Having a strong national identity, and norms around self-sacrifice in favor of “The Fatherland” seems like pretty good instrumental rationality, in terms of coordination, enforcing cooperation, economies of scale, etc. “Identity for NPCs” sounds a bit dismissive for a mechanism that works pretty well (to me it sounds close to “cooperating is for suckers, rationalists should defect”).
I don’t think “rejecting weird foreign norms” has much to do with the historical causes of nationalist sentiment; I’d say it had more to do with enforcing strong norms over weak norms (for example, speaking the same language, not engaging in nepotism, obeying the law, sending your children to school, taking up arms to defend the country), and putting the primary focus of loyalty on the country (and not the king, the church, your family or your village). Foreigners from far away with different norms is a more recent phenomenon.
“Identity for NPCs” sounds a bit dismissive for a mechanism that works pretty well (to me it sounds close to “cooperating is for suckers, rationalists should defect”).
Oh. Uhm, if we put it to the Prisonner’s Dilemma language, I’d rather say—rational people can analyze the situation and choose with whom to cooperate even if the other person is different, but stupid people need some simple and safe algorithm, such as: “cooperate with identical copies of myself, defect against everyone else”.
Which works decently, if you have many identical copies at the same place, interacting mostly with each other. You cannot be exploited by someone using a smart algorithm. That’s a relatively impressive outcome for such a simple algorithm.
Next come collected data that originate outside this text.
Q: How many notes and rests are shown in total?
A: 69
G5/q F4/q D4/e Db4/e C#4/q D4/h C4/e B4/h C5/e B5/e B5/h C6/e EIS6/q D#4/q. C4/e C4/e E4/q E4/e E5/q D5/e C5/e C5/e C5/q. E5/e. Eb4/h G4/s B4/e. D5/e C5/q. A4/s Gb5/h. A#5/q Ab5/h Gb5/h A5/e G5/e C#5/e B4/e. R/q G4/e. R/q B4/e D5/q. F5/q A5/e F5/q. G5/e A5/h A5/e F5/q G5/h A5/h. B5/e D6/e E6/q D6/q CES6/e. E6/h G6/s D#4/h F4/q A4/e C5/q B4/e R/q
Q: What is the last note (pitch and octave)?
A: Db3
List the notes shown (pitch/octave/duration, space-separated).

The disadvantage is that you can’t cooperate even with people using functionally identical algorithms with different group markers (e.g. using a different language, or dressing differently). And you have to suppress your deviations from the official norm (e.g. a minority sexual orientation). And you have a barrier to self-improvement, because the improved version is by definition different than the original one. -- On the other hand, if you manage to somehow artificially impose some positive change on everyone at the same time (or very slowly during a long time period), then the positive change will be preserved. Unfortunately, it works the same way with negative changes.
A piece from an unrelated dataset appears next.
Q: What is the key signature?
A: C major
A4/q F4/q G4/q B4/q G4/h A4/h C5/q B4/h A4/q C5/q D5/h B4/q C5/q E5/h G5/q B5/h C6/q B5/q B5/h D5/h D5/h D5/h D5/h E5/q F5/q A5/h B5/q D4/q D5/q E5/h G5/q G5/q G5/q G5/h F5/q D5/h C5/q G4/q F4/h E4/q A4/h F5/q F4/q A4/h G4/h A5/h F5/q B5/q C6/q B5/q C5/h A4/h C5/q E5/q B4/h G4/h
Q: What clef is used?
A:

Oh. Uhm, if we put it to the Prisonner’s Dilemma language, I’d rather say—rational people can analyze the situation and choose with whom to cooperate even if the other person is different, but stupid people need some simple and safe algorithm, such as: “cooperate with identical copies of myself, defect against everyone else”.
It’s not clear that someone analyzing the situation will choose to cooperate—plenty of smart people have argued that the rational behavior in prisoner’s dilemma is to defect.
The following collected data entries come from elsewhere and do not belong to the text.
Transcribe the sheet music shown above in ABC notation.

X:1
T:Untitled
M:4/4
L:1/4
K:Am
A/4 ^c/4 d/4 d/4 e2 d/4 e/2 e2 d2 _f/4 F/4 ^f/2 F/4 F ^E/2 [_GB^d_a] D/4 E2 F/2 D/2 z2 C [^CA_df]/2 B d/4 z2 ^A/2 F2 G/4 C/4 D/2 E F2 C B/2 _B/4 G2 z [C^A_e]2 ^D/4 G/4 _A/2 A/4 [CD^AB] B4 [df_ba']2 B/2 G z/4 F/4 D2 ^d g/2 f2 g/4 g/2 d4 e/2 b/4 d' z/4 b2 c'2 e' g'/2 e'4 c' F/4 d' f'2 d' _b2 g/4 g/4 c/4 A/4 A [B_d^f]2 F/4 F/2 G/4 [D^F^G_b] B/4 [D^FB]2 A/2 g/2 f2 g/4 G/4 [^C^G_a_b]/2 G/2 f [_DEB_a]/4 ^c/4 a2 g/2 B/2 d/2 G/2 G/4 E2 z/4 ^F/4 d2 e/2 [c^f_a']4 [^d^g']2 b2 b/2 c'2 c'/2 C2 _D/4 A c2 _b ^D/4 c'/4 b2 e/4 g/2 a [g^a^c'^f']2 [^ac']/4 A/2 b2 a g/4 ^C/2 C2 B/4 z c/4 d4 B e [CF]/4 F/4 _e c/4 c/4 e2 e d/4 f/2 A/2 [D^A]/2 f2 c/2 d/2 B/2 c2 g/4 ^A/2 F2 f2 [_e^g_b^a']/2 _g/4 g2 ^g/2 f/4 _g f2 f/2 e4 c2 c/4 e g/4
And I would argue that even for smart people, a simple algorithm is more likely to get everyone on board; a complicated but “better” solution which no one else follows (and that would only count as “better” if everybody was following it) is not worth following.
Having a strong national identity, and norms around self-sacrifice in favor of “The Fatherland” seems like pretty good instrumental rationality, in terms of coordination, enforcing cooperation, economies of scale, etc. “Identity for NPCs” sounds a bit dismissive for a mechanism that works pretty well (to me it sounds close to “cooperating is for suckers, rationalists should defect”).
I don’t think “rejecting weird foreign norms” has much to do with the historical causes of nationalist sentiment; I’d say it had more to do with enforcing strong norms over weak norms (for example, speaking the same language, not engaging in nepotism, obeying the law, sending your children to school, taking up arms to defend the country), and putting the primary focus of loyalty on the country (and not the king, the church, your family or your village). Foreigners from far away with different norms is a more recent phenomenon.
Oh. Uhm, if we put it to the Prisonner’s Dilemma language, I’d rather say—rational people can analyze the situation and choose with whom to cooperate even if the other person is different, but stupid people need some simple and safe algorithm, such as: “cooperate with identical copies of myself, defect against everyone else”.
Which works decently, if you have many identical copies at the same place, interacting mostly with each other. You cannot be exploited by someone using a smart algorithm. That’s a relatively impressive outcome for such a simple algorithm.
The disadvantage is that you can’t cooperate even with people using functionally identical algorithms with different group markers (e.g. using a different language, or dressing differently). And you have to suppress your deviations from the official norm (e.g. a minority sexual orientation). And you have a barrier to self-improvement, because the improved version is by definition different than the original one. -- On the other hand, if you manage to somehow artificially impose some positive change on everyone at the same time (or very slowly during a long time period), then the positive change will be preserved. Unfortunately, it works the same way with negative changes.
It’s not clear that someone analyzing the situation will choose to cooperate—plenty of smart people have argued that the rational behavior in prisoner’s dilemma is to defect.
And I would argue that even for smart people, a simple algorithm is more likely to get everyone on board; a complicated but “better” solution which no one else follows (and that would only count as “better” if everybody was following it) is not worth following.